Figures are based on an employee with 10 years' service

Website: http://www.mercerhr.com/


----------



## Protocol (10 Sep 2010)

This is what Wikipedia has to say about annual leave in the USA:

US law does not require employers to grant any vacation or holidays and about 25% of all employees receive no vacation time or holidays: No-Vacation Nation.

For employees that do receive vacation, 10 working days with 8 national holidays is fairly standard. Members of the US Armed Services earn a total of 30 vacation days a year, not including national holidays.


----------



## z104 (10 Sep 2010)

We really need to be bringing our annual leave/Public holidays up.

Right now, our annual leave/public holidays are pathetic in comparison to Finland.

How do we go about this?


----------



## pixiebean22 (10 Sep 2010)

During the last 12th of July celebrations was there not talk of making the 12th of July a public holiday throughout Ireland?


----------



## Purple (10 Sep 2010)

Niallers said:


> We really need to be bringing our annual leave/Public holidays up to at least the EU average.
> 
> Right now, our annual leave/public holidays are pathetic in comparison to Finland.
> 
> How do we go about this?


 What, be like Finland? Easy; find massive amounts of natural resources (timber, iron ore, copper, lead, zinc, chromite, gold, silver, nickel etc) and develop a world-class manufacturing base around them. Then have a huge financial services sector that is based on competent but light regulation, competent providers and a sound banking system rather than incompetent regulation, tax breaks and banks that are willing to throw money at anything. It would also help if we had their participation rate in the workforce and their level of fulltime employees (they have the lowest proportion of part-time employees in the OECD).


----------



## z104 (10 Sep 2010)

Why not and by the way Ireland is the largest source of Zinc and lead in Europe?

Not to mention our natural resurces such as wind, wave, ocean and farming. Also gas that will be pumped from same said Ocean.
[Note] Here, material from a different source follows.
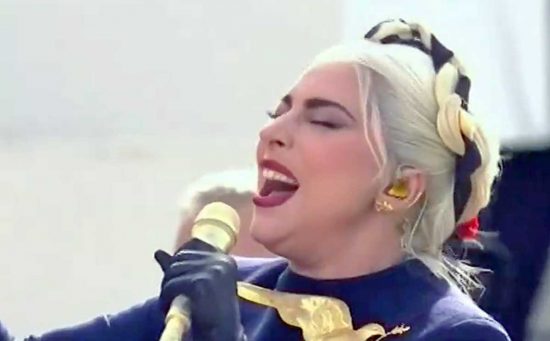 Lady Gaga canta l'inno americano all'Inauguration day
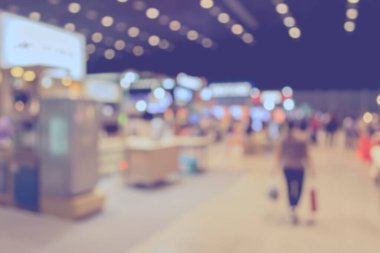 Alışveriş merkezinin veya ticari fuarın bulanık görüntüsü ve arka plan kullanımı için insanlar .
We also have gold in them there hills but the green brigade won't allow it to be mined.


----------



## Purple (10 Sep 2010)

Niallers said:


> Why not and by the way Ireland is one of the biggest sources of Zinc and lead in Europe?
> 
> We also have gold in them there hills but the green brigade won't allow it to be mined.


 Yep, we're around 4th or 5th in the world for Zinc production but we've never developed any industries around our natural resources.


----------



## michaelm (10 Sep 2010)

Niallers said:


> We also have gold in them there hills but the green brigade won't allow it to be mined.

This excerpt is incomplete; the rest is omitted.